Context Not Clairvoyance

One of the main implications of Dr. Barrett’s analysis is that the interpretation of facial and non-verbal responses is highly dependent on the context of a situation and does not give you a clairvoyant window into the mind of the individual.  To understand why, it helps to take a look at the evolution of this perspective and take a step all the way back to Charles Darwin.  In addition to his famous Origin of Species, Darwin also did work on emotional expression in animals and humans, and his view of  basic emotional expressions (anger, fear, sadness, happiness, surprise, and contempt) evolving in response to common conditions has become the foundation for a modern science of emotional expression, including the “microexpressions” perspective that looks for the facial cues that we are not able to mask.

The central evidence for this belief in a trustworthy correspondence between a facial expression and an underlying emotion is study participants’ ability to reliably identify emotions in posed photographs both within and between cultures:  An American as well as a native of Papua New Guinea will see “fear” as fear, “surprise” as surprise, etcetera, based on facial expression.  But as Doctor Barrett points out, there is one simple study modification that dramatically decreases the reliability of those identifications:  Make the participants respond with fill-in-the-blank rather than multiple choice.  If you do that, then the ability to identify the intended emotion behind the face falls from 83.4 percent to just 42 percent.  As Professor Barrett notes, it may be that “emotion categories do not have firm boundaries in nature.”  Or as a follow up article in the Boston Herald puts it, “We may experience emotions the way we perceive color — as a continuous spectrum that we divide into arbitrary categories, shaped by language and culture.”

The implication is that the relationship between facial expression and underlying emotions is likely to be much more fluid than we give it credit for.  It is beyond doubt that some individuals, like Dr. Paul Ekman, are able to assess facial expression and detect honesty at a level better than chance, and some of his studies have discovered other individual “wizards” that seem to excel at it.  But they are a small percentage, and it does not seem to be a a matter of simply learning a technique to decode facial expressions, as was attempted in a $1 billion training program for TSA personnel.

In most cases, assessing facial expression and other nonverbal cues as a guide to someone’s internal state requires context:  The more you know the person, and the more you know the situation, the more accurately you are able to determine clear meaning from a facial expression.  What that means for jury watchers is that many of those critical personal and contextual factors are missing for us.  Generally, aside from a brief interview or questionnaire, we don’t know these people, so we are unlikely to know whether a furrowed brow means displeasure or concentration.

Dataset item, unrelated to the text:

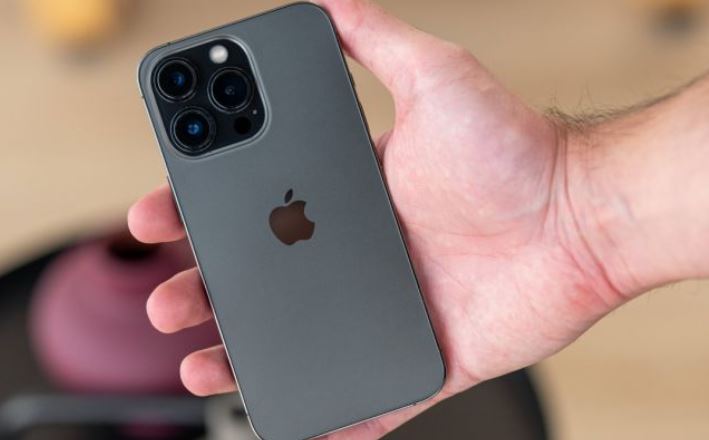 iPhone 13 Pro giảm giá hơn 12 triệu iPhone rẻ nhất Việt Nam có màn 120Hz ,zoom 3x như iPhone 15 Pro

Watch, But Take Care in Interpretation

This is not to say that we should ignore the facial expressions of your jury, but it does place a few cautions on how we watch and infer meaning.

1.  Don’t Assume that Passive or Negative Facial Expressions are Conveying Dislike.  You can drive yourself to distraction if you operate on the belief that every scowl means a rejected argument, and every look of boredom means a tuned-out juror.  Here is a recommendation I make on interpreting facial expressions:  Next time you are watching television with a group of people, take a moment and look around at the faces of those watching with you.  What you will usually see is blank, passive expressions as they are staring at the screen.  That doesn’t mean that they are disinterested or disengaged, it simply means they are not devoting any energy to their behavior as an audience.  In the courtroom, you can often see that same passive “television face” and it doesn’t necessarily mean that your jury has dismissed you.

2.  Don’t Assume Every Friendly Face is a Juror Who Likes You.  We often encounter this:  “Did you see Juror Three, the way she smiled and nodded when you stood up?”  Well, that may mean Juror Three likes you and is prepared to lead the others to a vote in your favor, but it may also mean that Juror Three, unlike the others with the passive “television face,” has simply learned good audience behaviors.  Any public presenter knows that some people give you good feedback.  They will show eye contact, nods, and sometimes smiles.  It can just mean “I recognize that you’re speaking and I hear you…but I don’t necessarily agree.”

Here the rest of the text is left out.